The Best School in Jerusalem: Annie Landau’s School for Girls, 1900–1960
Laura S. Schor
E-book: $39.99
"What emerges from Schor's portrait of Landau is a woman with extremely modern, cosmopolitan values and a stubborn desire to have her way."
Tablet
Laura Schor provides fascinating insights into the history of education, of women, and of social life in the holy city in the late Ottoman, British Mandatory, and early Israeli periods of rule. This thoroughly researched and admirably readable book paints a vivid picture of half-forgotten aspects of life in Jerusalem a century ago.
—Tablet
Laura Schor's The Best School in Jerusalem is an excellent and original piece of scholarship.

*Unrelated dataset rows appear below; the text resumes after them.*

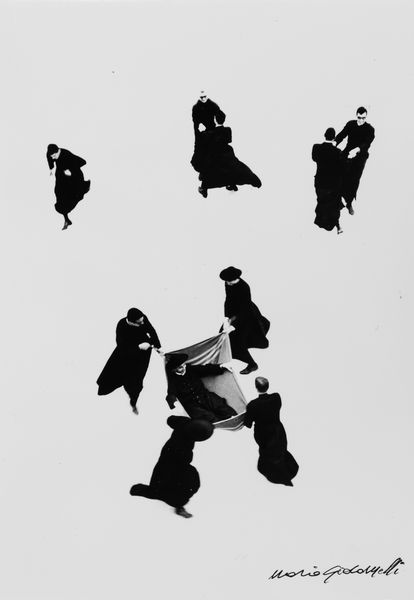 Mario Giacomelli : Io non ho mani che mi accarezzano il volto  - Asta Fotografia: Under 1K - Associazione Nazionale - Case d'Asta italiane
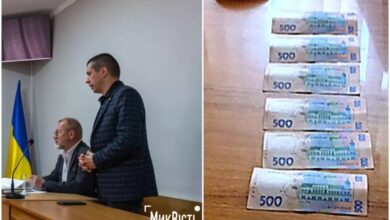 Олександра Берегового у 2016 році затримали за підозрою в отриманні хабара. Знайдені правоохоронцями гроші у скриньці (Фото: Миквісті)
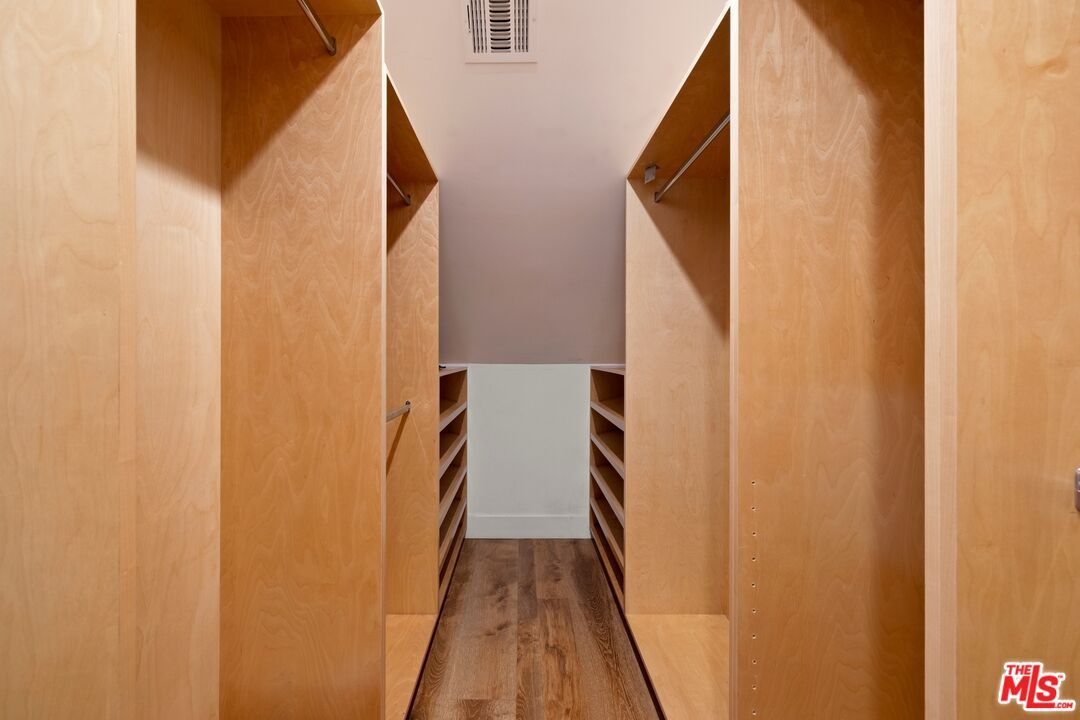 Interior, Walk-in Closets, Wood Texture Flooring
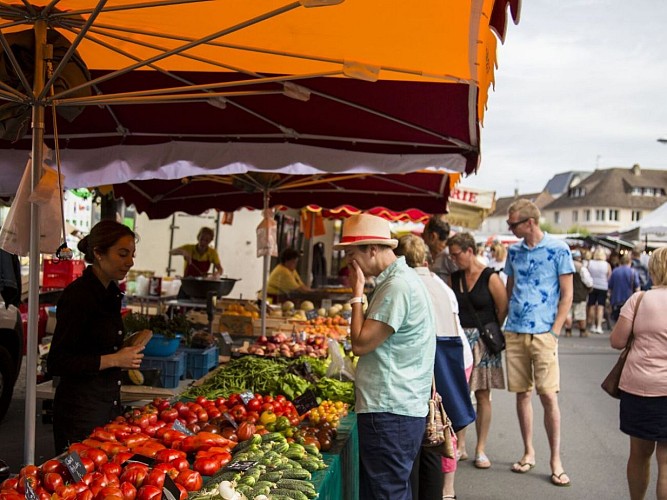 Marché hebdomadaire de Merville-Franceville
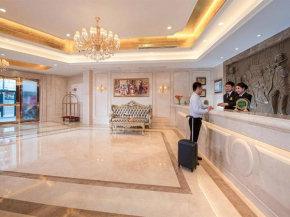 Vienna Hotel Shenzhen Lo Wu Control Point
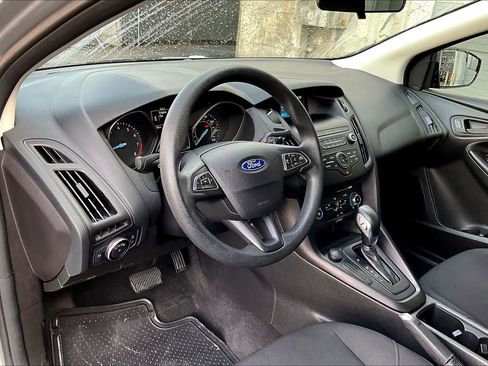 Used 2018 Ford Focus S image 17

Schor enriches our understanding of the education of Jewish women in Jerusalem during the late Ottoman and British Mandate period, and the way that the Evelina de Rothschild School and especially headmistress Annie Landau shaped the identities of young Jewish girls. It is a welcomed contribution to the field of Jewish women's history, the history of education, and Jerusalem's social history.
—Ela Greenberg
Schor has written a book that, with its copious notes, index and extensive bibliography, will please academics; at the same time, her literate, yet easy and almost intimate style will delight the lay reader. Her use of contemporary letters, collections, reports, reminiscences and newspaper articles adds a feeling of immediacy to shocking events, such as the Arab riots of 1929, that disrupt life in Jerusalem.
—Jerusalem Post
With scope and delightful detail, Schor charts the educator Annie Landau’s determination to build communal strength and opportunities among Jews in Jerusalem by providing quality education for girls. Utilizing archival sources and myriad in-person interviews with ‘Evelina’ graduates, Schor chronicles the broad-reaching vision of Landau, who combined religious goals with secular reforms to foster generations of girls and left a long-lasting legacy upon the development of modern Jerusalem.
—Barbara Bair
LAURA S. SCHOR is professor of history at Hunter College and the CUNY Graduate School. She is the author of several books, including The Life and Legacy of the Baroness Betty de Rothschild.